In this podcast, we discuss:

  1. How Nick used Claude Code to automate building personalized one-to-one ABM content, turning a process that used to take days into one that produces hundreds of ad variations in an hour (4-min video here)

  2. How Nick uses the time freed up by automation to think through creative ways to build long-term advantages, like locking in a year of newsletter sponsorships in advance so they’re ready when he needs them

  3. How Nick thinks about build versus buy decisions and what he calls tolerance for jank

  4. How Profound uses its own product to generate content briefs, automate customer reporting slides, and layer in original research

  5. Why the bar for growth hires keeps rising and how Nick now evaluates candidates for both technical skill and marketing taste

  6. How Nick thinks about the importance of AI visibility and how Profound’s proprietary data that can help you determine AI search traffic

Episode highlights:

  • Nick used Claude Code to build a system that takes a list of target accounts, enriches them with competitor data, then pulls both target and competitor logos via an API. The system then generates hundreds of personalized ad variations in an hour that show the target company’s logo next to a competitor’s with messaging that the competitor is beating them in AI search.
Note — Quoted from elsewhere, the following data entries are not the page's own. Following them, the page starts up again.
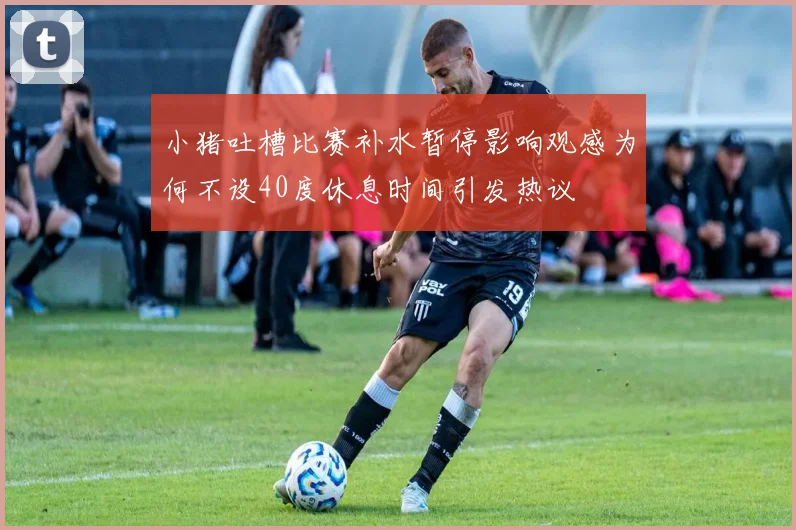 小猪吐槽比赛补水暂停影响观感为何不设40度休息时间引发热议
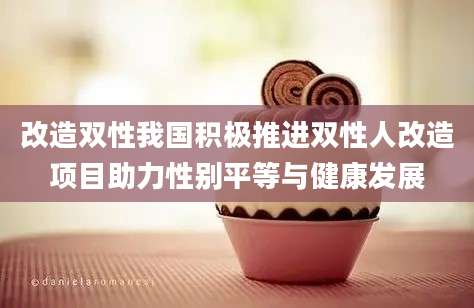 改造双性我国积极推进双性人改造项目助力性别平等与健康发展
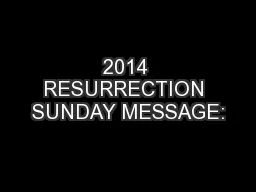2014 RESURRECTION SUNDAY MESSAGE:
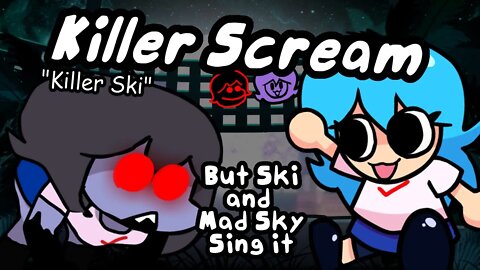 Killer Ski (Killer Scream but Ski and Mad Sky sing it)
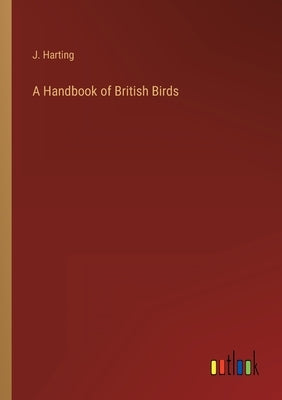 A Handbook of British Birds by Harting, J.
By running these hyper-personalized ads against target accounts, Nick is seeing click-through rates around 5-6% (>10x LinkedIn’s benchmark 0.4%).

  • Nick explains that deciding build versus buy comes down to who the work is servicing and tolerance for jank. Anything built internally will be rough around the edges, so if the tool is for an individual or a small team that can handle jank, building makes sense. But if it needs to support a broader team like customer success, buying often wins because of the polish, support, and someone to call when things break.

  • Nick walks through how Profound uses its own product to generate content briefs by analyzing which pages get cited most in AI search responses for a given topic, then mapping out what a competing piece of content needs to cover to rank. To take the briefs from good to great, Nick built a workflow in Profound’s agents tool that pulls original research from their internal white papers and inserts it directly into the brief, giving the resulting content unique data points that competitors can’t replicate (4 min walkthrough here).

  • Nick explains that Profound has and shares proprietary data that gives directional reads on AI search volume to help you prioritize which searches to try and rank for.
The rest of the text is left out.